Supplied data -
--------
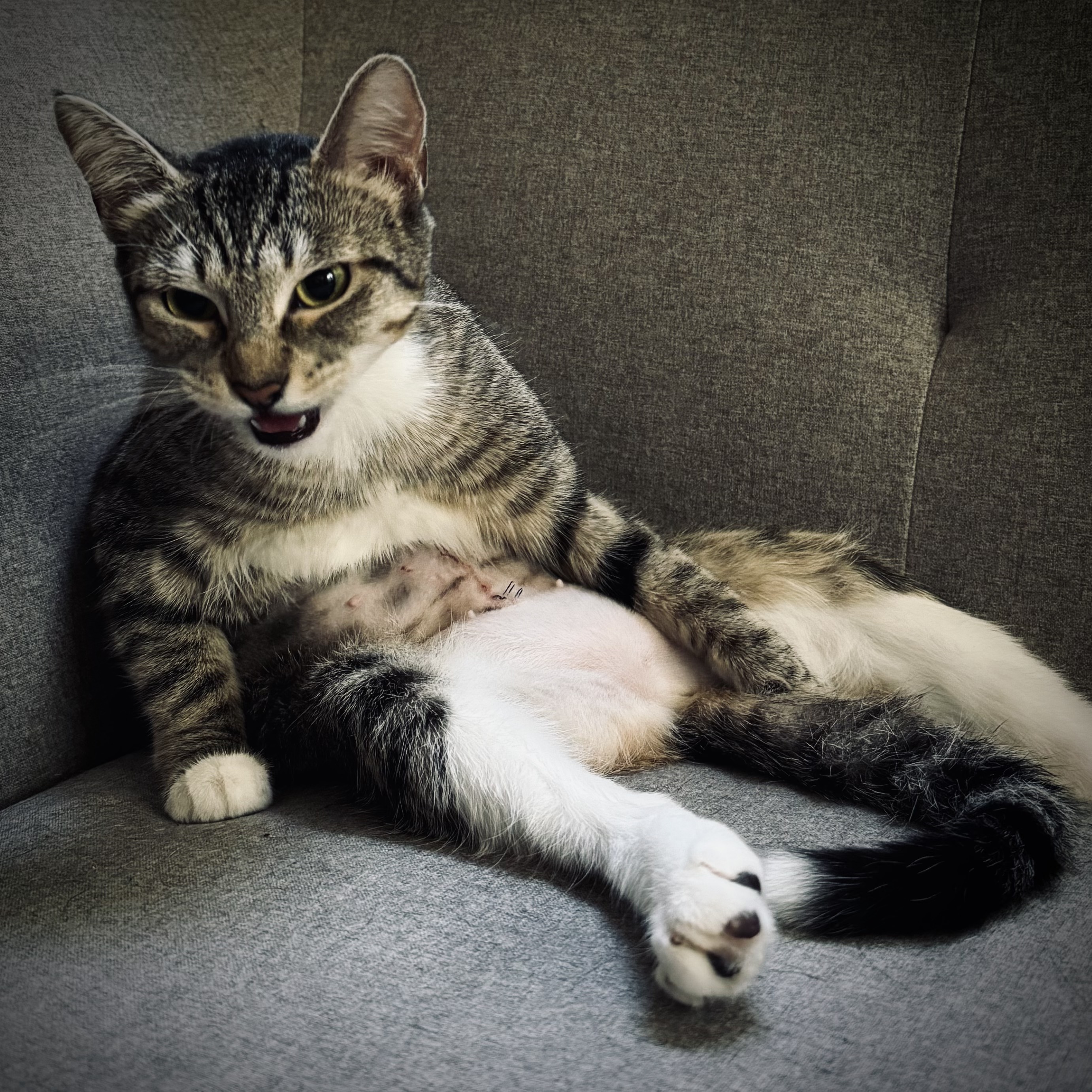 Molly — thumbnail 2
--------
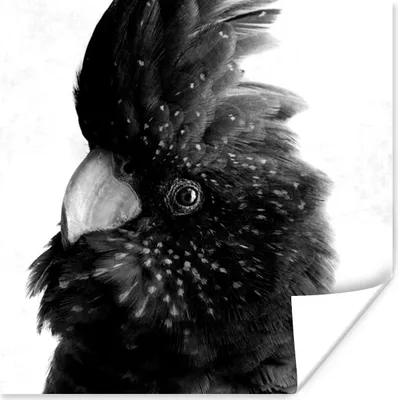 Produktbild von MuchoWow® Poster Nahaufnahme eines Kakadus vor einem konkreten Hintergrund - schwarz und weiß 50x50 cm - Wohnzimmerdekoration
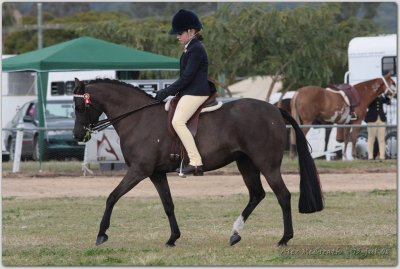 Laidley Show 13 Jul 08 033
--------
Exercise objective -
Range to copy from the listing above: the line with "Produktbild von MuchoWow®" through the line with "Laidley Show 13 Jul 08 033". Transcribe it exactly and skip the pictures.

Written answer -
 Produktbild von MuchoWow® Poster Nahaufnahme eines Kakadus vor einem konkreten Hintergrund - schwarz und weiß 50x50 cm - Wohnzimmerdekoration
 Laidley Show 13 Jul 08 033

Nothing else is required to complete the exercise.